## What the exercise asks
Under this line are the records; write out word for word the part that begins at the line containing "Instant Ramen - Shiitake" and ends at the line containing "best streaming devices for older TVs", and no more.

## Data excerpts
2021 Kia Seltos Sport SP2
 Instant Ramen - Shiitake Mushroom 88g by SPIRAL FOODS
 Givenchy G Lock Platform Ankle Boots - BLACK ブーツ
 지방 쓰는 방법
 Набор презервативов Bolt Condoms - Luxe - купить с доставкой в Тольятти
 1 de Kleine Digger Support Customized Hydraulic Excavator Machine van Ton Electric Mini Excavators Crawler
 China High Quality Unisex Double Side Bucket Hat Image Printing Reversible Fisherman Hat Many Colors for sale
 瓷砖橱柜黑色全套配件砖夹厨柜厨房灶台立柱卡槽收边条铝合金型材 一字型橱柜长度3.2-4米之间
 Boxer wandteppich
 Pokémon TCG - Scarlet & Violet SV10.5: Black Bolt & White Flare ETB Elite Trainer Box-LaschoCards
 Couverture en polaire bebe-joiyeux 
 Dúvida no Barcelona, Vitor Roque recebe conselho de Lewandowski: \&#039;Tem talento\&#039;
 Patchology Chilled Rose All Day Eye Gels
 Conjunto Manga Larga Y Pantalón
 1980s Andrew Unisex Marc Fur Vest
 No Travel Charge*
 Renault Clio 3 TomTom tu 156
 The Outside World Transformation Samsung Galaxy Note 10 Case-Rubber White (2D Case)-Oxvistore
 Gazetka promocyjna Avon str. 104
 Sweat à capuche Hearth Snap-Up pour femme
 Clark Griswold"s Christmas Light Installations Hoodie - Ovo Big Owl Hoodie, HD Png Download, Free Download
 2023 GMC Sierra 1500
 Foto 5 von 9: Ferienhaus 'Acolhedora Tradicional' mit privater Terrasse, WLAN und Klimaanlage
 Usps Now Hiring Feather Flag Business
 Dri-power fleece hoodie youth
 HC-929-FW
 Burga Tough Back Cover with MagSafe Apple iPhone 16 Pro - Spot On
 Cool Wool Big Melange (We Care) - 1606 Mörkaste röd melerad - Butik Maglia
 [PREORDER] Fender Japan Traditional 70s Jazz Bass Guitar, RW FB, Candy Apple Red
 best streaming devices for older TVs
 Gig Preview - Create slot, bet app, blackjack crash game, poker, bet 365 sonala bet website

## Problem solution
 Instant Ramen - Shiitake Mushroom 88g by SPIRAL FOODS
 Givenchy G Lock Platform Ankle Boots - BLACK ブーツ
 지방 쓰는 방법
 Набор презервативов Bolt Condoms - Luxe - купить с доставкой в Тольятти
 1 de Kleine Digger Support Customized Hydraulic Excavator Machine van Ton Electric Mini Excavators Crawler
 China High Quality Unisex Double Side Bucket Hat Image Printing Reversible Fisherman Hat Many Colors for sale
 瓷砖橱柜黑色全套配件砖夹厨柜厨房灶台立柱卡槽收边条铝合金型材 一字型橱柜长度3.2-4米之间
 Boxer wandteppich
 Pokémon TCG - Scarlet & Violet SV10.5: Black Bolt & White Flare ETB Elite Trainer Box-LaschoCards
 Couverture en polaire bebe-joiyeux 
 Dúvida no Barcelona, Vitor Roque recebe conselho de Lewandowski: \&#039;Tem talento\&#039;
 Patchology Chilled Rose All Day Eye Gels
 Conjunto Manga Larga Y Pantalón
 1980s Andrew Unisex Marc Fur Vest
 No Travel Charge*
 Renault Clio 3 TomTom tu 156
 The Outside World Transformation Samsung Galaxy Note 10 Case-Rubber White (2D Case)-Oxvistore
 Gazetka promocyjna Avon str. 104
 Sweat à capuche Hearth Snap-Up pour femme
 Clark Griswold"s Christmas Light Installations Hoodie - Ovo Big Owl Hoodie, HD Png Download, Free Download
 2023 GMC Sierra 1500
 Foto 5 von 9: Ferienhaus 'Acolhedora Tradicional' mit privater Terrasse, WLAN und Klimaanlage
 Usps Now Hiring Feather Flag Business
 Dri-power fleece hoodie youth
 HC-929-FW
 Burga Tough Back Cover with MagSafe Apple iPhone 16 Pro - Spot On
 Cool Wool Big Melange (We Care) - 1606 Mörkaste röd melerad - Butik Maglia
 [PREORDER] Fender Japan Traditional 70s Jazz Bass Guitar, RW FB, Candy Apple Red
 best streaming devices for older TVs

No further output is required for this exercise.